--- Problem requirements ---
Copy exactly the stretch of lines from the one holding "عدلي القيعي اعتزال" through the last line of the data below, inclusive. Leave out pictures.

--- Input data ---
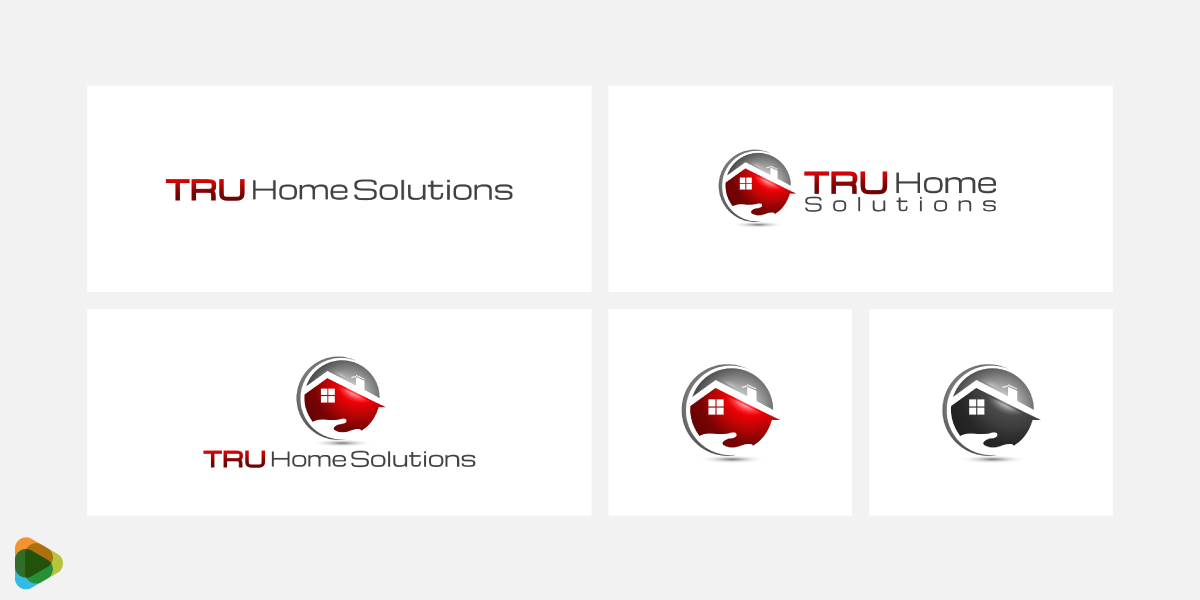 Show multiple options from a creative Show multiple options from a creative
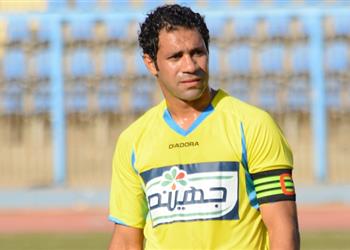 عدلي القيعي اعتزال حسني عبد ربه ذكرني بقرار أبو تريكة وأردناه في الأهلي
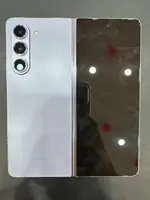 Điện thoại di động Samsung Galaxy Z Fold5 5G 256GB Demo Xanh SM-F946B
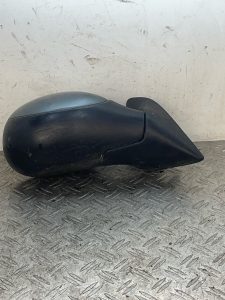 Retroviseur droit CITROEN XSARA PICASSO PHASE 2 – 96570985XT
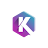 KnowRoaming: Travel data eSIM icon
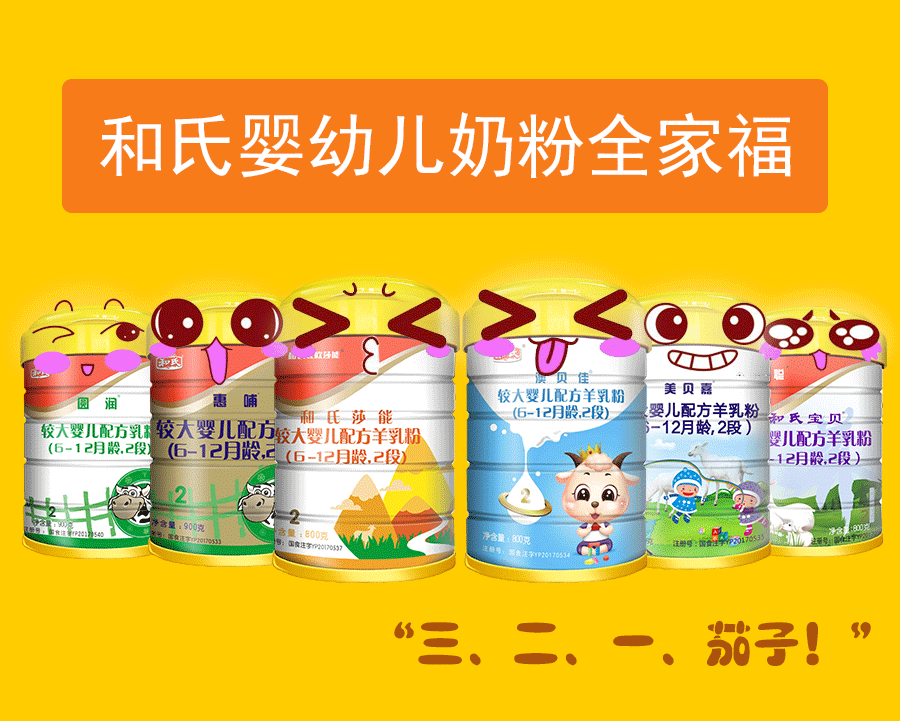 4118云顶集团·(中国)股份有限公司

--- Solution to this exercise ---
 عدلي القيعي اعتزال حسني عبد ربه ذكرني بقرار أبو تريكة وأردناه في الأهلي
 Điện thoại di động Samsung Galaxy Z Fold5 5G 256GB Demo Xanh SM-F946B
 Retroviseur droit CITROEN XSARA PICASSO PHASE 2 – 96570985XT
 KnowRoaming: Travel data eSIM icon
 4118云顶集团·(中国)股份有限公司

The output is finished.